PROBLEM DESCRIPTION:
Your output consists solely of the lines from the one that contains "A window with" to the end of the material, each reproduced exactly; pictures do not belong in it.

THE DATA:
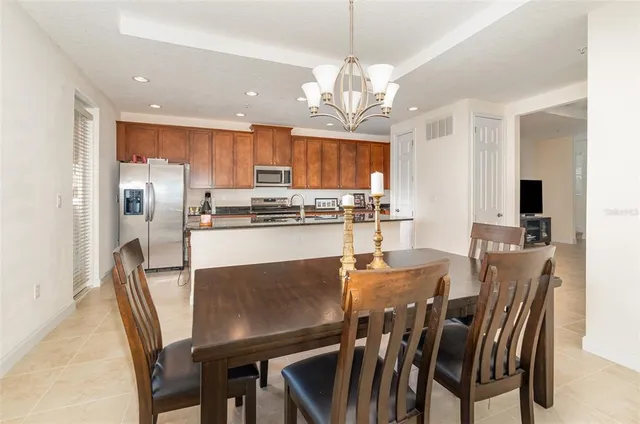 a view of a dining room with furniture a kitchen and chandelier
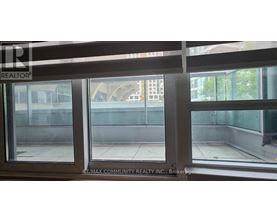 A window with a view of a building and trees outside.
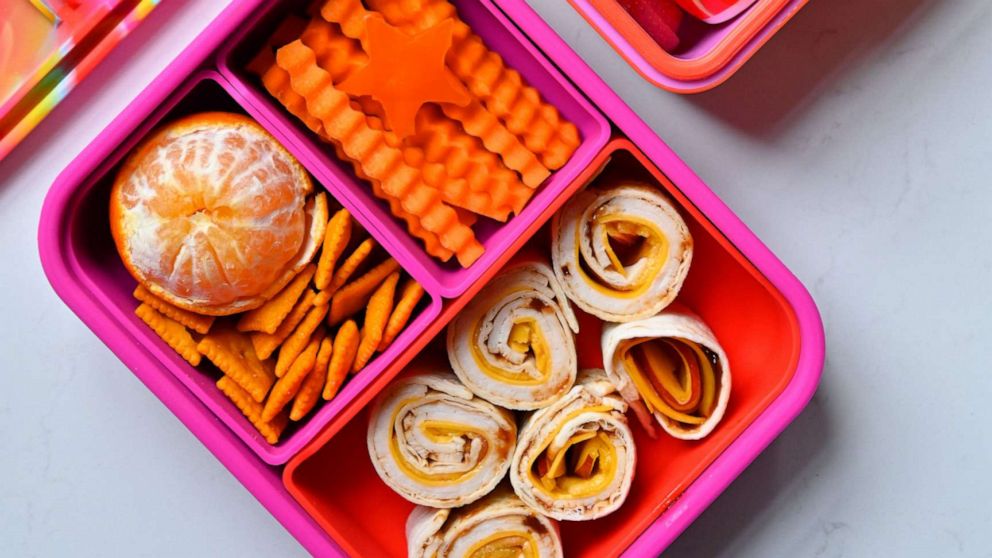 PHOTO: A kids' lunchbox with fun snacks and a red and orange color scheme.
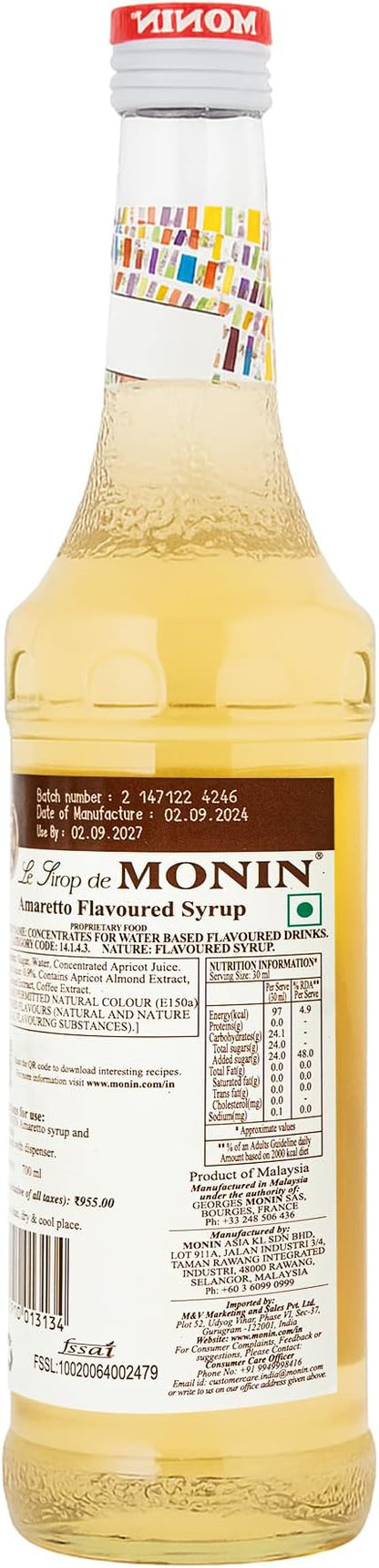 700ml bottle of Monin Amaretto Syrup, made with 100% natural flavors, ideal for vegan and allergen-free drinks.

RESPONSE BELOW:
 A window with a view of a building and trees outside.
 PHOTO: A kids' lunchbox with fun snacks and a red and orange color scheme.
 700ml bottle of Monin Amaretto Syrup, made with 100% natural flavors, ideal for vegan and allergen-free drinks.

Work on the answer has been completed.